The authors highlight this negative perception by noting the large number of “devil-child” movies (e.g. Rosemary’s Baby) released soon after the first members were born, compared with more positive movies such as Baby Boom that were released when the first members of Generation Y were being raised.

Individuals considered to be within Generation X were born, and grew up during the later years of, and in the decade following the Vietnam War. They are most often linked to the presidencies of Ronald Reagan and George H. W. Bush.[9] Coming of age after the Vietnam War had ended, now in their 30s and 40s, their political experiences and cultural perspective were shaped by the end of the cold war and the fall of the Berlin wall. Growing up in an historical span of relative geopolitical peace for the US, this generation saw the inception of the home computer, the rise of videogames, and the Internet as a tool for social and commercial purposes. Other attributes identified with this demographic are Dot-com businesses, early MTV, Desert Storm, Grunge music and Hip hop culture.

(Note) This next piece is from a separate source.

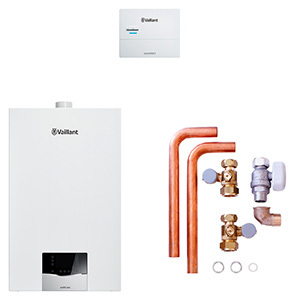 Vaillant Paket 1.667/2 ecoTEC plus VC 10 CS/1-5, VRC 710, Installations-Set 8000013947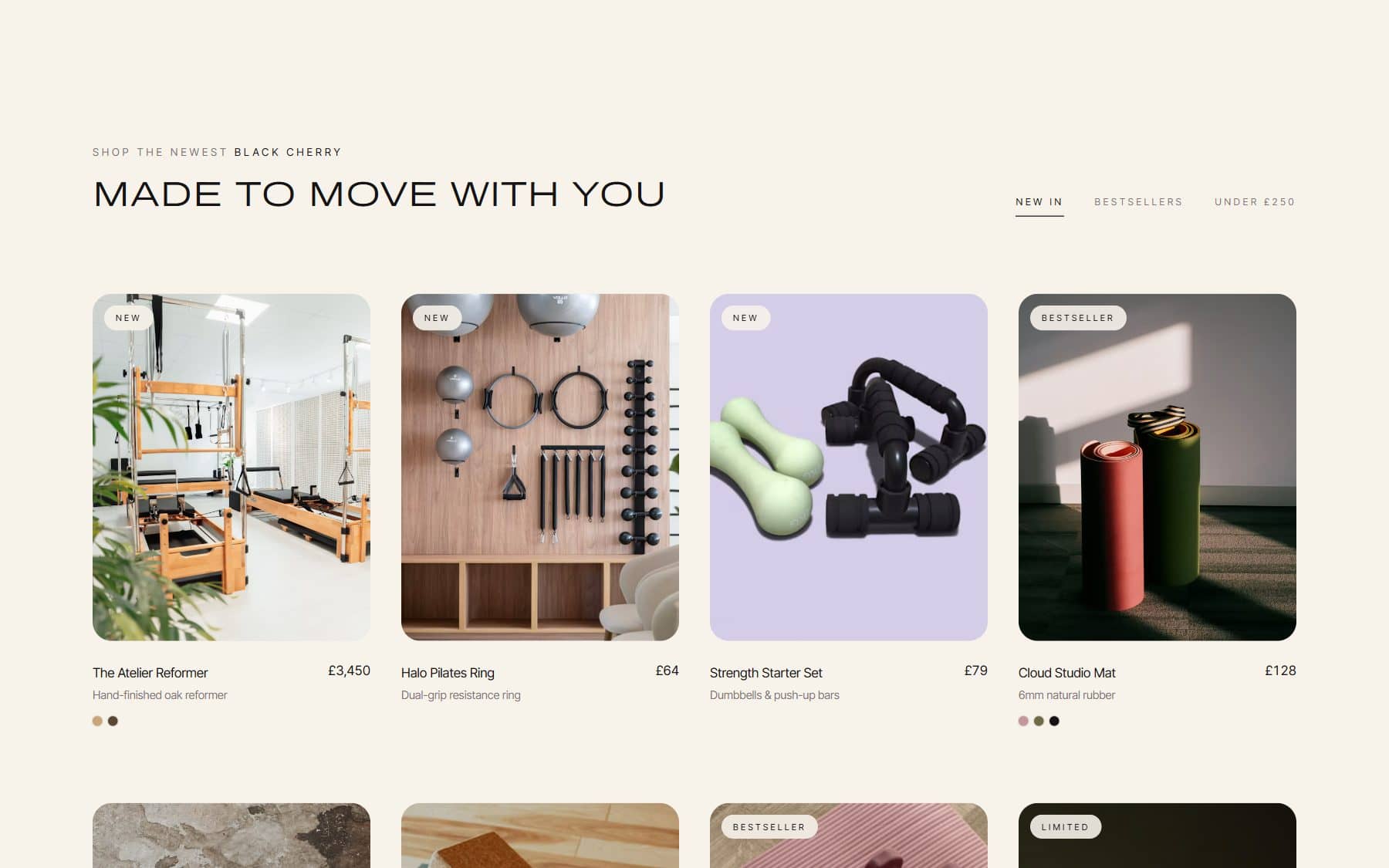 Product grid “Made to move with you” with tabs for new in, bestsellers and under £250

The US Census Bureau cites Generation X as statistically holding the highest education levels when looking at age group.

In economics, a study (the Heritage Foundation and the Urban Institute) challenged the notion that each generation will be better off than the one that preceded it. The study which was released on May 25, 2007, emphasized that in real dollars, this generation’s men made less (by 12%) than their fathers had at that same age in 1974, thus reversing a historical trend. The study also suggests that per year increases in the portion of father/son family household income generated by fathers/sons have slowed (from an average of 0.9% to 0.3%), barely keeping pace with inflation, though increases in overall father/son family household income are progressively higher each year because more women are entering the workplace, contributing to family household income.